Deep in a musty, age-old cellar of old town Gothenburg, VAMPIRE have been plotting something wicked…again!
In 2020, frontman Hand of Doom, guitarists Black String and Sepulchral Condor, bassist Command, and drummer Abysmal Condor proudly present their third studio album, “Rex”, which proves to be a tremendous sonic and compositional highlight in their career thus far. “The new album “Rex” ended up as a quite consistent VAMPIRE work”, Black String states. “It’s a work of reverence to the desolate ways in life and the glorious metal of old.

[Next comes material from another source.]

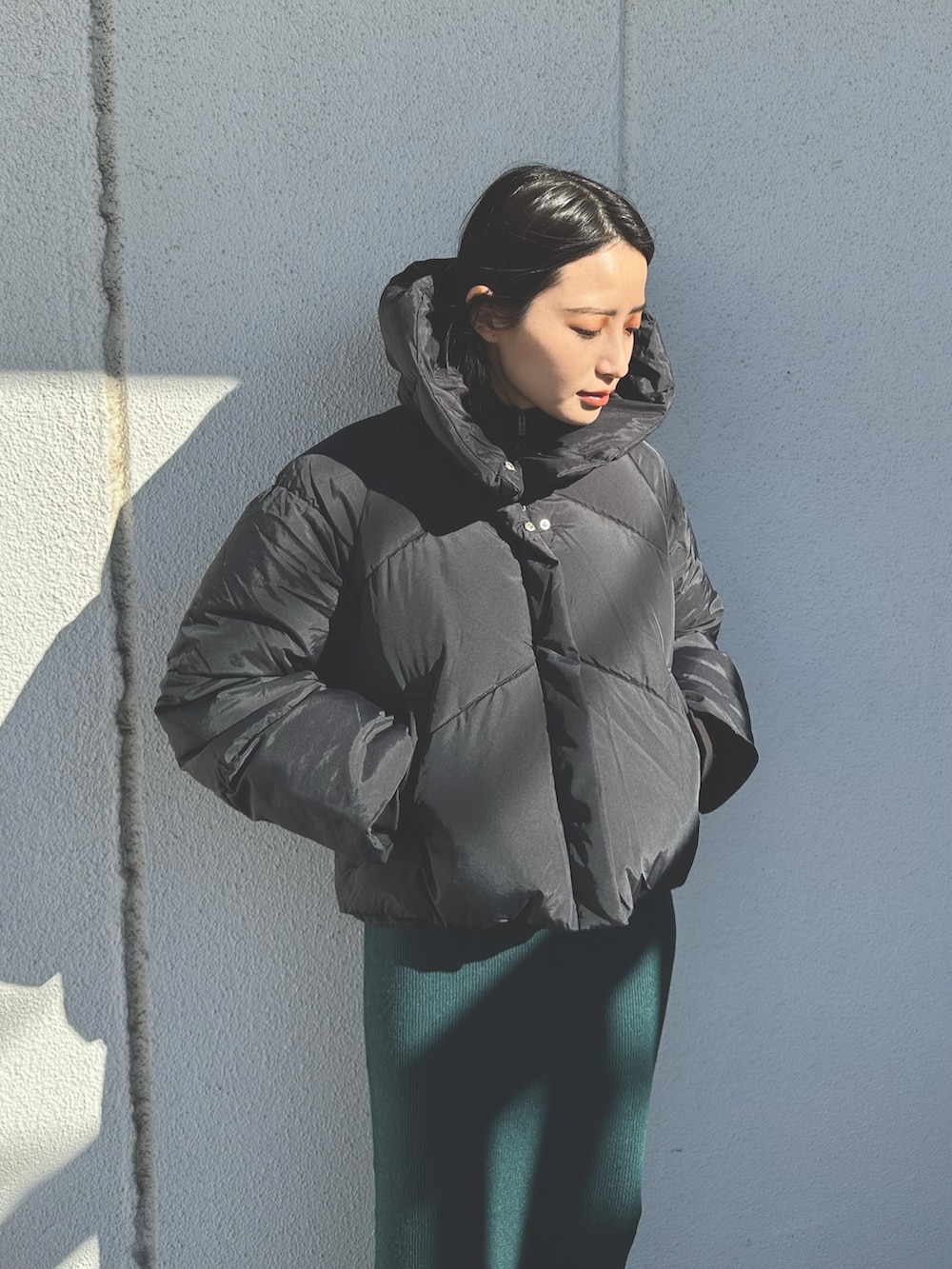 ブラック系のダウンジャケット/コート、グリーン系のワンピース、ブラック系のブーツを着用したレディースの秋コーディネートの3枚目の写真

The spirit when writing this album was basically ‘do what has to be done’. “Rex” is generally more bravehearted when it comes to musical references than parts of our previous output.” Indeed, even though VAMPIRE’s cob-webbed, moon-burned brand of death metal has not changed entirely, all of its facets have been refined, enriched and perfected. Influenced by Mercyful Fate and Slayer as they are by Dissection and Possessed, VAMPIRE have been fusing a vast variety of elements since day one, yet on “Rex” also a very classic heavy metal approach inspired by the 80’s grandeur of Maiden and Metallica is apparent, and, combined with occasional acoustic guitars, adds an increased melodic quality while being the band’s most fiery and fierce work to date, too. “Rex” is a sonic triumph of all things death and metal captured very well on the album’s striking artwork by Mitchell Nolte (www.mitchellnolte.com).
“The cover shows a figure that listeners are well acquainted with from several previous VAMPIRE releases”, Hand Of Doom explains. “This time around, The Reaper appears on horseback: laurel-crowned and triumphant, wielding both scythe and a black flag. What this says about the content of “Rex” is that a great deal of our artistic expression remains intact, but that we work with a grander, more heroic and celebratory register than ever before.” That is also quite present in the lyrical content as Hand Of Doom details. “If the music draws strongly towards the 1980s, the lyrics carry the decadent efflorescence of the 1890s. A recurring theme in the lyrics for this album is the vanity of human endeavor in the presence of powers we fail to grasp or even recognize.
As an example, the title track portrays the crucial fatal blow to the Swedish Empire from an unexpected and rarely considered perspective, and this is how many of these songs work. Tapping into the mythical, archetypical and superstitious, they shed light on familiar historical and traditional situations with an uncanny tone and vocabulary, be it guerrilla warfare or Midsummer festivities. “Serafim” has the Fallen Angel sharing its outlook on this world and the beyond, and in two songs we hired the dead hands of poets Robert Graves and Emily Dickinson to pen the lyrics. Here be ghosts!” Having risen from the proverbial grave in 2011, VAMPIRE released their self-titled demo a year later. Immediately hailed by tastemakers—such as Darkthrone’s Fenriz—and fans, who raided 300 copies of the demo in a week, VAMPIRE’s vicious yet evocative style set fire to convention. Signed by Century Media a year later, the Gothenburgers quickly set out to work on their debut.
Released in the abyssal spring of 2014, VAMPIRE’s self-titled debut was received with much praise whereas the group’s artistic endeavors already became less to-the-face and more atmospheric on the following “Cimmerian Shade” EP and even more so on the second album, “With Primeval Force”. The latter overall turned out to provide a little less traditional songwriting in vampiric terms and was colder, less immediate than the debut. 2020’s “Rex” now ups the ante notably unfurling a highly addictive whirlwind of the harsh and the heavy, the aggressive and the atmospheric, the melodic and the maniacal. With “Rex”, VAMPIRE have successfully crafted a majestic, macabre force of its own!